Step 2: In a bowl, mix the milk and lemon juice together and leave for 5 minutes. In the meantime, cream the butter, sugar and salt together until light and fluffy. Beat in the egg, vanilla, and lemon zest. Finally, sift in flour, baking powder and soda. Add the soured milk (which should have thickened up by now) and mix everything together until combined. Divide the batter evenly between the two cake tins and bake for 30 to 35 minutes. Remove from oven and cool before decorating.
Step 3: First make the orange buttercream to fill and crumb-coat the cake. Beat the butter until it turns a pale yellow. Sift in the icing sugar and salt. Add the orange zest and mix well.
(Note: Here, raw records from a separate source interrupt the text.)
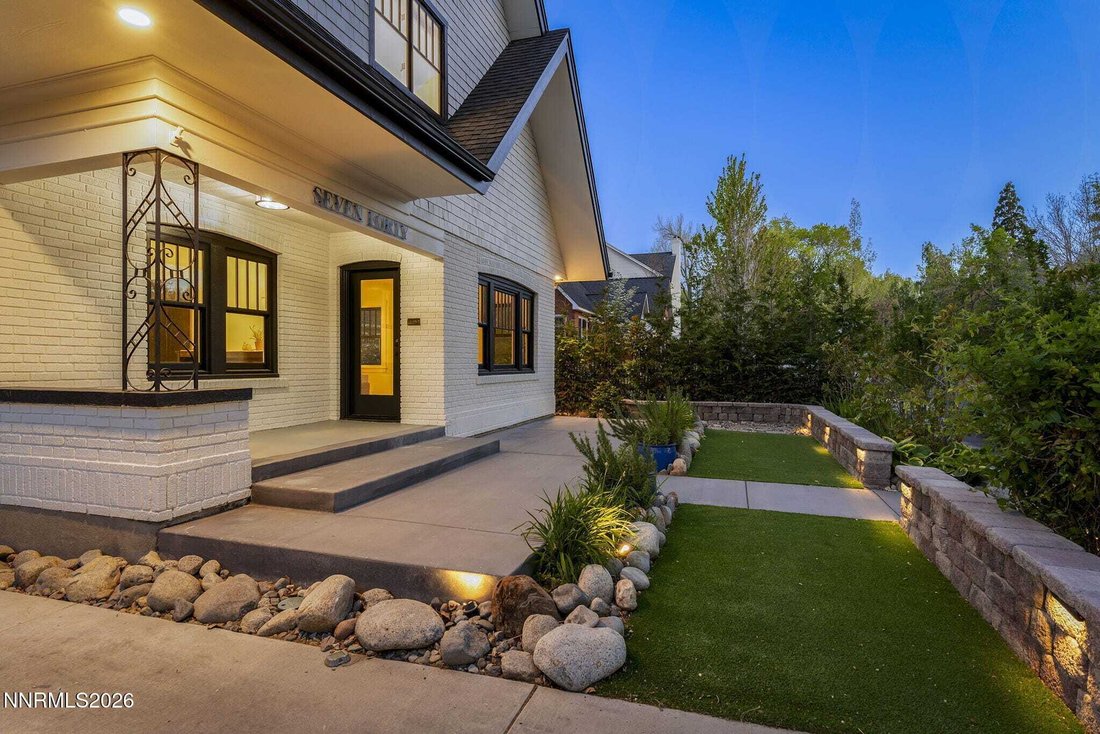 House in Reno, Nevada, United States 2 - 17900921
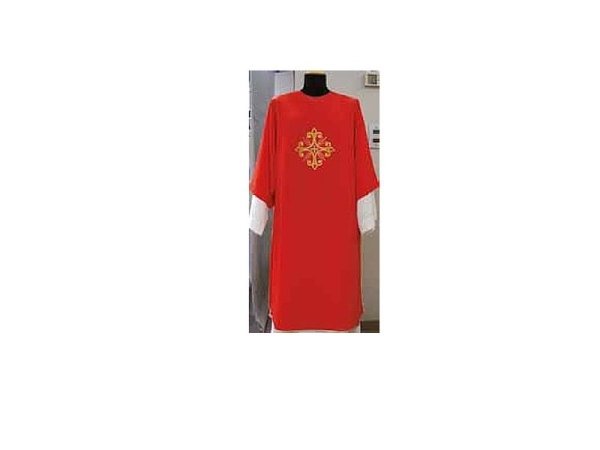 351 Dalmatic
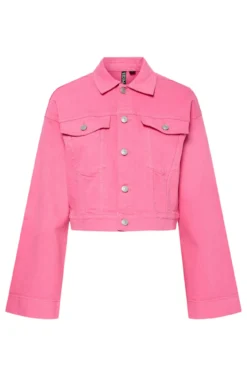 Chaqueta vaquera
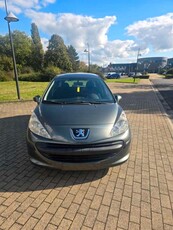 Peugeot 207 sw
Add in enough orange juice to thin your icing to a spreadable consistency.
Use about two-thirds of the orange buttercream to sandwich the two cake layers together. Use the remaining third to crumb-coat the cake. The purpose of the crumb-coat is to seal in the crumbs and prevent them from showing up in the topmost icing layer. So keep the orange buttercream icing thin all over the cake. Refrigerate the cake for at least an hour to let the crumb-coat harden.
Step 4: Make up the lime buttercream icing the same way you did the orange buttercream. When you’re done, remove a third of it to fill a piping bag. To the remaining icing, add enough red food-colouring to it until you get a light pink. Remove half and fill another piping bag with it. With the last portion of icing, keep adding red food-colouring until you achieve a deep pink; use it to fill a third piping bag.
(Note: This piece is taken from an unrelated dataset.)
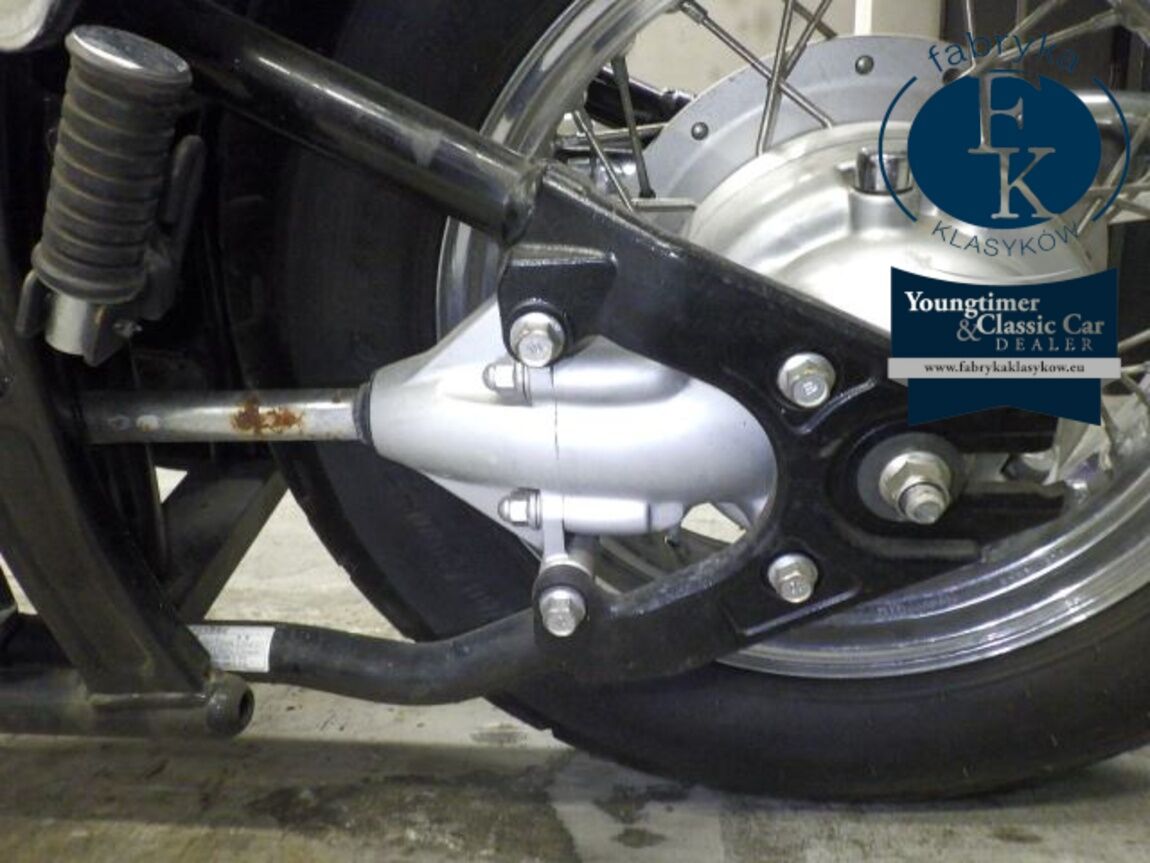 YAMAHA DRAGSTAR400 2009 - zdjęcie 26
Decorate your cake as per Mr. Kimber’s instructions above.
Just a few additional notes from my own experience decorating this cake:
First, while the technique is simple, it takes a helluva long time to finish icing the entire cake, even if it’s a tiny 5-inch cake like mine. I think it took me about an hour to finish piping and smearing the sides, after which I had no more patience left so I just finished off the top with the deepest pink icing.
Two, make your ombre icing a little thinner than you normally would. As you can see my smears are a bit on the rough side because my icing is a tad too dry. Try to work in a cool environment so you don’t have to worry about thin icing falling off the sides of your cake.
Three, with it being such a tiny cake, I definitely could not use a palette knife to make the smears. But I had great success using a teaspoon to create these tiny scales. Of course, if you make a larger cake, use either a tablespoon or a palette knife for smearing.
Four, wipe clean your palette knife/teaspoon between smears so you don’t ruin the next colour.
Five, you don’t need three identical piping tips for this cake. Since you only need to create blobs before smearing them, I just cut the tips off my disposable piping bags.
Six, take the time to make sure each smear/scale is clean and sharp. Don’t be afraid to go over with your palette knife/teaspoon repeatedly until you get a nice sharp line. You’ll get a better finish that way.